PDF software has a lot of freedom in presenting and interacting with “files”, for example, to users: it may present only the files listed in the EmbeddedFiles name tree. Applications may solely rely on the information in the PDF file or they may use other methods to associate files with locally installed applications. Modern PDF software should also indicate Associated File relationships (if any), as well as any embedded file stream dictionary parameter values. For performance reasons with long PDF documents, file attachment annotations associated with pages may only be presented once those pages are viewed. These experiences rely on dictionary entries in the File Specification dictionary and embedded file stream, but may be supplemented by additional functionality in the PDF application (such as detecting the file type or associating with installed applications). Modern PDF applications usually include cyber-security measures regarding embedded files, such as hiding or prohibiting certain types of potentially malicious files (e.g. executable files).
PDF/A-2, PDF/A-3 and PDF/A-4 conformant software must also implement basic presentation of embedded files, even if file extraction is only a recommendation (quoting ISO 19005-3:2012, clause 6.8 :
A conforming interactive reader shall provide a mechanism to display the name strings from the value of the EmbeddedFiles key in the names dictionary of a conforming file.
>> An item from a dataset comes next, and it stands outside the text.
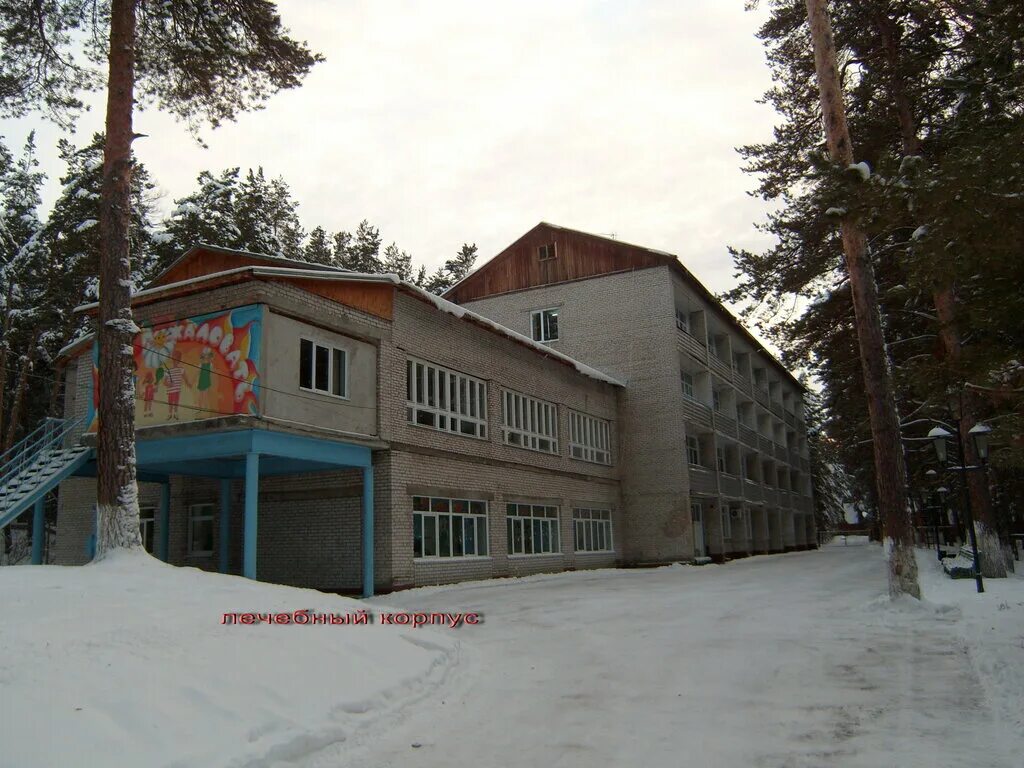 Белокуриха детский санаторий белокуриха. Фгбу детский санаторий белокуриха. Детский санаторий белокуриха алтайский край. Детские санатории алтайского края. Детский санаторий белокуриха алтайский край.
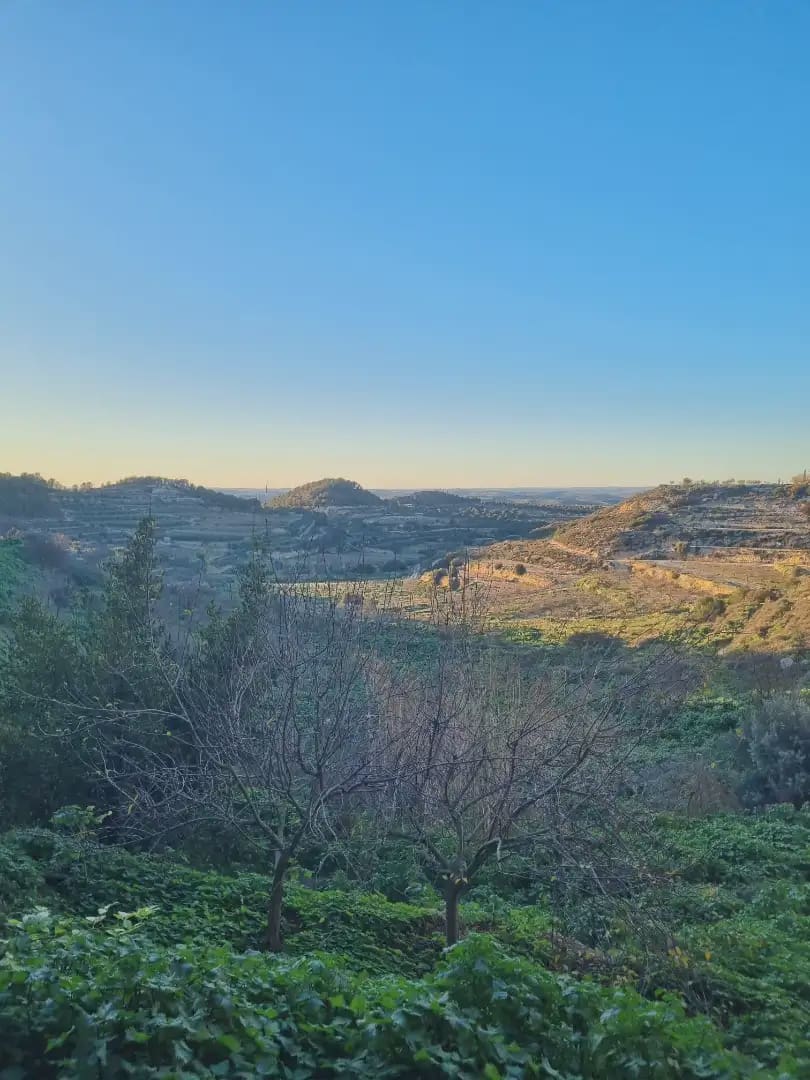 3 Zimmer Haus zu verkaufen in La Pobla de Massaluca - 165.000 € (Ref: 9781127)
In addition, a conforming interactive reader may also choose to display information from the associated embedded file stream dictionaries or their Params dictionary.
Although embedded files that do not comply with any part of this [PDF/A-3] should not be rendered by a conforming reader, a conforming interactive reader should enable the extraction of any embedded file. The conforming interactive reader should also require an explicit user action to initiate the process.
How developers can help users to understand
With such a variety of “files” inside PDFs, software applications must assist users in understanding the context of each file. Avoiding duplicate files based on their PDF object number, understanding that multiple files in a PDF may have the same filename, taking care with terminology, and providing contextual information such as pages (indicative of annotations), associated objects (indicative of associated files), semantic relationships (AFRelationship key, as we have previously discussed), folders (a unique PDF portable collections feature), or indicating if a file is part of a portable collection can go a long way in helping users understand embedded “files” in PDFs.
Conclusion
The core ISO standard for PDF (ISO 32000-2:2020) is primarily a file format specification and does not mandate user interface terminology, user interface metaphors, how users interact with “files”, or even whether file extraction is a required feature. These are implementation decisions left to developers to best address the specific needs of their users and target industries.
Although PDF content can be created from “files”, this does not mean that a source file can always be recovered from a PDF even in the simplest of cases. Although the PDF file format supports many concepts that can be thought of as “files”, PDF’s flexibility can confuse users due to differing terminology, user interfaces, metaphors, and expectations derived from other formats.